How to Setup Hadoop on ubuntu 20.04

Hadoop is a free & open-source software framework.It is based on Java.Hadoop is used for the storage processing of large set of data on clusters of machines.Using Hadoop,we can manage multiple number of dedicated server.

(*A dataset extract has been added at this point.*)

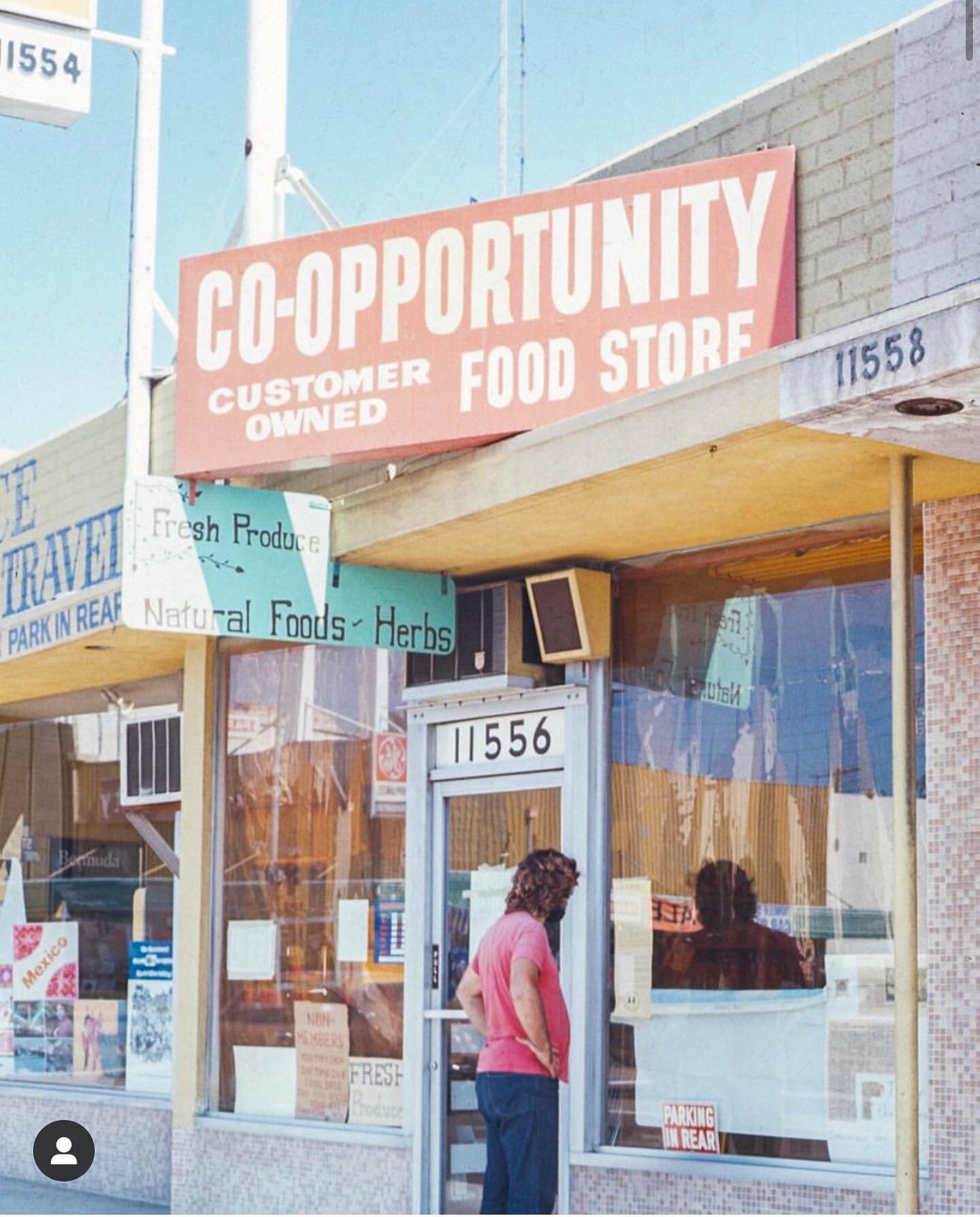 Super proud to say &ldquo;my market&rdquo; is 46 years old, non-corporate and customer-owned, fully organic, loving, kind and old-school. Happy Birthday @coopportunitymarket !! I&rsquo;m grateful for your existence.
💖🙏🍓🥑🍑💖
#santamonica #organic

Install and Configure Hadoop on ubuntu

Update the System.

apt-get update

Install Java.

apt-get install openjdk-11-jdk

Check Java Version.

java -version 

Here is the command output.

openjdk version "11.0.11" 
OpenJDK Runtime Environment (build 11.0.11+9-Ubuntu-0ubuntu2.20.04)
OpenJDK 64-Bit Server VM (build 11.0.11+9-Ubuntu-0ubuntu2.20.04, mixed mode, sharing)

Create a User.

adduser hadoop 

Here is the command output.

  • Provide the password for user.
Adding user `hadoop' ...
Adding new group `hadoop' (1002) ...
Adding new user `hadoop' (1002) with group `hadoop' ...
Creating home directory `/home/hadoop' ...
Copying files from `/etc/skel' ...
New password:
Retype new password:
passwd: password updated successfully
Changing the user information for hadoop
Enter the new value, or press ENTER for the default
        Full Name []:
        Room Number []:
        Work Phone []:
        Home Phone []:
        Other []:
Is the information correct? [Y/n] 
  • Type Y.

Login to Hadoop user.

su - hadoop 

Provide the hadoop user password.

Configure the SSH Key.

ssh-keygen -t rsa 

Here is the command output.

Generating public/private rsa key pair.
Enter file in which to save the key (/home/hadoop/.ssh/id_rsa):
Created directory '/home/hadoop/.ssh'.
Enter passphrase (empty for no passphrase):
Enter same passphrase again:
Your identification has been saved in /home/hadoop/.ssh/id_rsa
Your public key has been saved in /home/hadoop/.ssh/id_rsa.pub
The key fingerprint is:
SHA256:QSa2syeISwP0hD+UXxxi0j9MSOrjKDGIbkfbM3ejyIk hadoop@ubuntu20
The key's randomart image is:
+---[RSA 3072]----+
| ..o++=.+        |
|..oo++.O         |
|. oo. B .        |
|o..+ o * .       |
|= ++o o S        |
|.++o+  o         |
|.+.+ + . o       |
|o . o * o .      |
|   E + .         |
+----[SHA256]-----+

Move the public key from id_rsa.pub to authorized_keys.Provide the following permission.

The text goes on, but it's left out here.